How To Make Your Dishes Pop On Instagram: A Food Stylist’s Secrets
Judy Haubert has been making food camera-ready since 2008, when she began assisting the head stylist at Saveur Magazine with his shoots. These days, she’s got her own roster of A-list clients, from the Meredith Corporation to The New York Times. “I love my job,” says Haubert. “It’s just food, you know? It’s not rocket science.”
There’s no advertising for the bevy of freelance food stylists in Haubert’s world. “It’s all word of mouth and working with people and hoping they want to work with you again and praying they remember you when they get a big contract,” says Haubert. Food styling differs from fashion styling, in that when it comes to food, everything is a little more transient and malleable. “You’ve got a piece of steak, and it photographs beautifully, and then you cut into it, and then you take a bite out of it to photograph and it’s gone. You can’t just reset and shoot again, because now you need another steak, and that one looks slightly different.”
In recent years Haubert has done a lot of what she calls advertorial, which are advertisements that look editorial. “It’s where everything looks homey and approachable and yet still tantalizing and just a little bit out of reach to the reader, but maybe it’s within reach if they just had the right appliance or the right product,” she says. Haubert’s photos are exactly that perfect blend of warm, comforting, and hunger-inducing, and now she wants to help you snap your own culinary masterpieces.
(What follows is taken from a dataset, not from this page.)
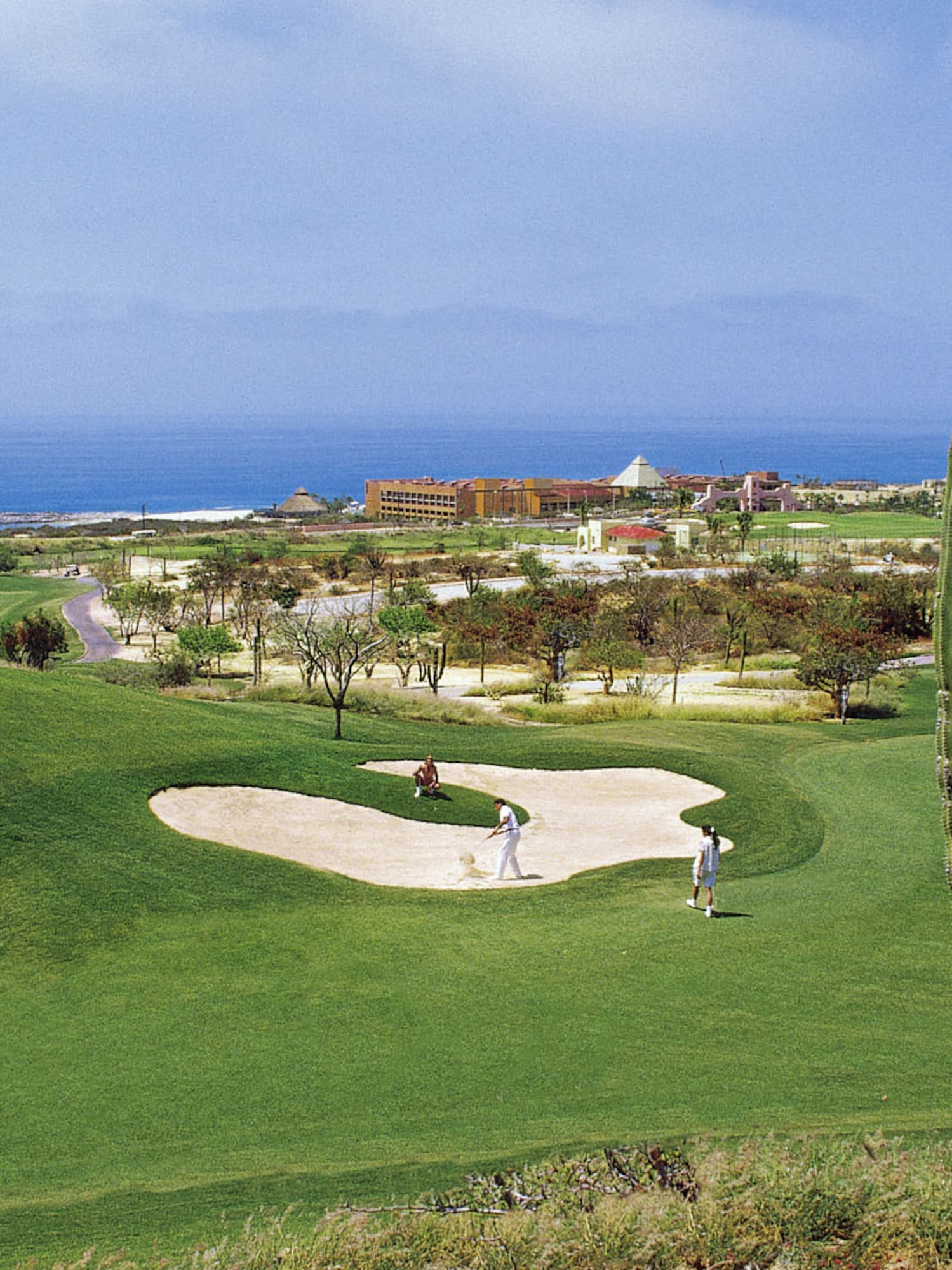 a group of people playing golf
Judy Haubert’s tips for the perfect Insta #foodporn:
1. Have good-looking food
“Sometimes you’ll have really good tasting food that just doesn’t photograph well, and it comes out looking like brown stuff slathered on top of brown stuff, and you have to know when it doesn’t work,” says Haubert. Know when to quit playing with your camera and just start eating.
2. Get good light
“Photographers are really masters of light,” she says. It’s best to take your photo in daylight, but if you can’t, then get creative. Use a flashlight. Play with your exposure.
3. Use a nice background.
“I see some people taking their food photos with backgrounds that are really distracting,” says Haubert. “What you want is simple, not distracting, backgrounds. Let the food be the star.”
4. Get as close as possible to the food
The zoom is your friend, but not the camera zoom, which can bring down the quality of the photo. Zoom with your feet. If you want a closeup, move close to the food. “Don’t be afraid to get in there,” says Haubert. There’s a reason the close-up overhead shot of a bowl or a plate is so ubiquitous these days, and it’s because it works.